When I boot my PC, the green progress bar takes an age to complete, and then i’m left staring at a black screen for 4-5 minutes before the splash appears, which takes a further 2-3 minutes to load my desktop. How do I go about finding out what is causing this painfully slow boot?
Why does avahi take so much time to load? I don’t use it so I don’t really know, but it’s on top of your list.
Also the firewall service shouldn’t take so much time, at least it does not on my system.
[QUOTE=finders;2505135]Why does avahi take so much time to load? I don’t use it so I don’t really know, but it’s on top of your list.
Also the firewall service shouldn’t take so much time, at least it does not on my system.
Can you tell me what avahi does and what I can do to disable it? As far as the firewall is concerned, I have a hardware firewall router so I probably don't need to use the suse firewall.
You can either uninstall it, delete it from /etc/init.d/ or disable it from yast. That’s how I would solve it.
But if you don’t know what it does or why it’s there, leaving it alone might be a good idea.
Maybe some of your programs depend on it, I can only guess because I don’t use it.
On 2012-11-20 10:36, finders wrote:
>
> chyrania;2504845 Wrote:
>>
>> colin@linux-rjqz:~> systemd-analyze blame
>> 33481ms avahi-daemon.service
>> 33359ms SuSEfirewall2_init.service
>> 24940ms remount-rootfs.service
>> 10233ms systemd-modules-load.service
>> 7864ms systemd-vconsole-setup.service
>> 7030ms network.service
>>
>
> Why does avahi take so much time to load? I don’t use it so I don’t
> really know, but it’s on top of your list.
Don’t be misled by analyze blame. That a service ends in thirty seconds
doesn’t mean that it is holding and delaying boot by thirty seconds.
Instead use the boot graph.
–
Cheers / Saludos,
Carlos E. R.
(from 11.4 x86_64 “Celadon” (Minas Tirith))
As far as my experience goes with these services, they all run in parallel by default, so if one of them stalls, others continue on top of it.
If however I use sysvinit-init and set RUN_PARALLEL=“no” then the system would run one at the time so if one of them stalls, others won’t start.
I may be wrong but that’s how it used to work before systemd. Anyway, it’s an interesting subject.
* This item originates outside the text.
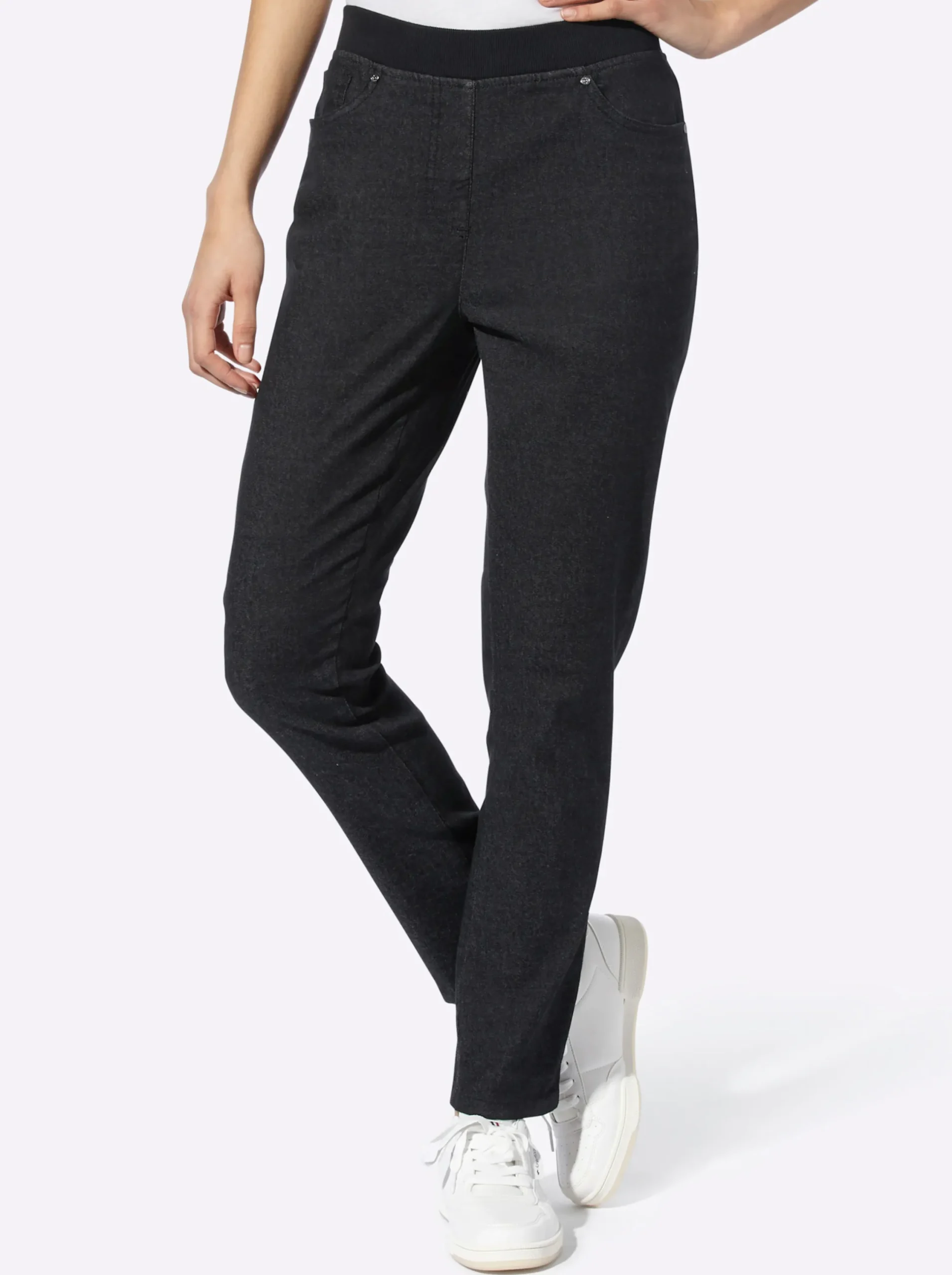 Jeans|heine 7/8-Jeans mit Rundum-Dehnbund schwarz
I’ve seen certain delays with sysvinit , but almost exclusively related to ifconfig, ntp and dns.
Never seen a firewall taking this long, something’s obviously wrong with it.
Wouldn’t that cause ntp.service to hang as well?
This reminds me of a time when I had to get rid of network manager.
Switched to static ifup and it’d cut boot time in half, no idea if that’s still the case with systemd.
> Wouldn’t that cause ntp.service to hang as well?
Yes.
> This reminds me of a time when I had to get rid of network manager.
> Switched to static ifup and it’d cut boot time in half, no idea if
> that’s still the case with systemd.
Could be.
–
Cheers / Saludos,
Carlos E. R.
(from 11.4 x86_64 “Celadon” (Minas Tirith))
Just run “systemd-analyze plot > /tmp/boot.svg” and open the file with firefox. There you should be able to identify the critical path that causes the delay.